The radix-2 FFT works by splitting a size-$N$ DFT into two size-$\frac{N}{2}$ DFTs. (Because the cost of a naive DFT is proportional to $N^2$, cutting the problem in half will cut this cost, maybe, in half. Two size-$\frac{N}{2}$ DFTs appear to cost less than one size-$N$ DFT.


The Decimation-in-Time FFT splits the two DFTs into even and odd-indexed input samples:

$$\begin{align} X[k] \ &\triangleq \sum\limits_{n=0}^{N-1} x[n] \, e^{-j 2 \pi \frac{nk}{N}} \\ \\ &= \sum\limits_{n\text{ even}} x[n] \, e^{-j 2 \pi \frac{nk}{N}} + \sum\limits_{n\text{ odd}} x[n] \, e^{-j 2 \pi \frac{nk}{N}} \\ \\ &= \sum\limits_{m=0}^{\frac{N}{2}-1} x[2m] \, e^{-j 2 \pi \frac{(2m)k}{N}} + \sum\limits_{m=0}^{\frac{N}{2}-1} x[2m+1] \, e^{-j 2 \pi \frac{(2m+1)k}{N}} \\ \\ &= \sum\limits_{m=0}^{\frac{N}{2}-1} x[2m] \, e^{-j 2 \pi \frac{mk}{N/2}} + e^{-j 2 \pi \frac{k}{N}} \sum\limits_{m=0}^{\frac{N}{2}-1} x[2m+1] \, e^{-j 2 \pi \frac{mk}{N/2}} \\ \\ \end{align}$$

This shows that if the evens are stuffed into one DFT and the odds are stuffed into another DFT, that the results of the two DFTs can be combined by multiplying the result of the right-hand (odd) DFT with a single factor $ e^{-j 2 \pi \frac{k}{N}} $ and added to the left-hand (even) DFT. The result for the two frequencies $X[k]$ and $X[k+\tfrac{N}{2}]$ are the same except the right hand term is subtracted than added.
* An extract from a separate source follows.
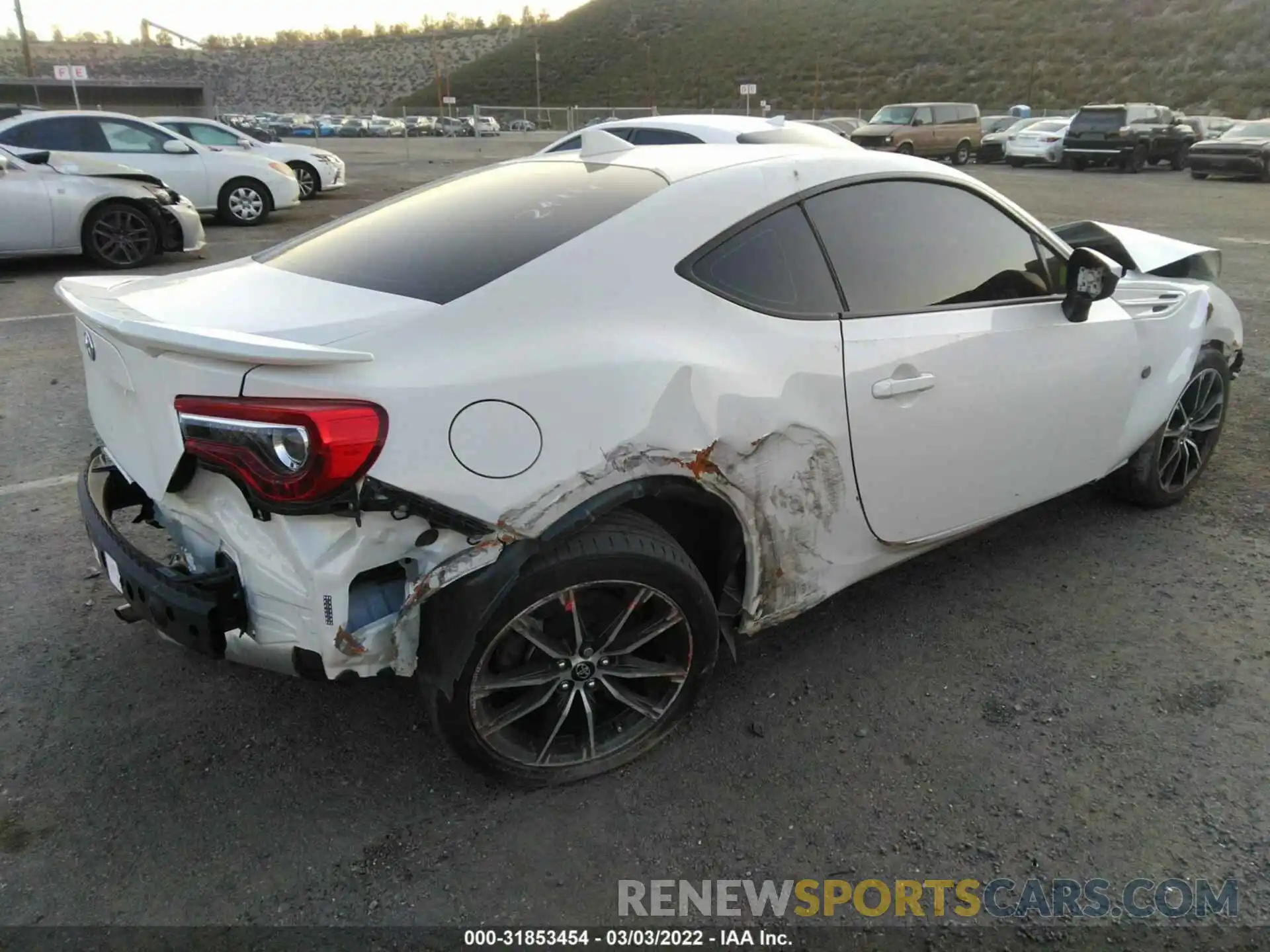 4 Photograph of a damaged car JF1ZNAA16L8752416 TOYOTA 86 2020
$$\begin{align} X[k] &= \sum\limits_{m=0}^{\frac{N}{2}-1} x[2m] \, e^{-j 2 \pi \frac{mk}{N/2}} + e^{-j 2 \pi \frac{k}{N}} \sum\limits_{m=0}^{\frac{N}{2}-1} x[2m+1] \, e^{-j 2 \pi \frac{mk}{N/2}} \\ \\ X[k+\tfrac{N}{2}] &= \sum\limits_{m=0}^{\frac{N}{2}-1} x[2m] \, e^{-j 2 \pi \frac{mk}{N/2}} - e^{-j 2 \pi \frac{k}{N}} \sum\limits_{m=0}^{\frac{N}{2}-1} x[2m+1] \, e^{-j 2 \pi \frac{mk}{N/2}} \\ \end{align}$$

This shows how the butterflies are defined on the last pass of the FFT.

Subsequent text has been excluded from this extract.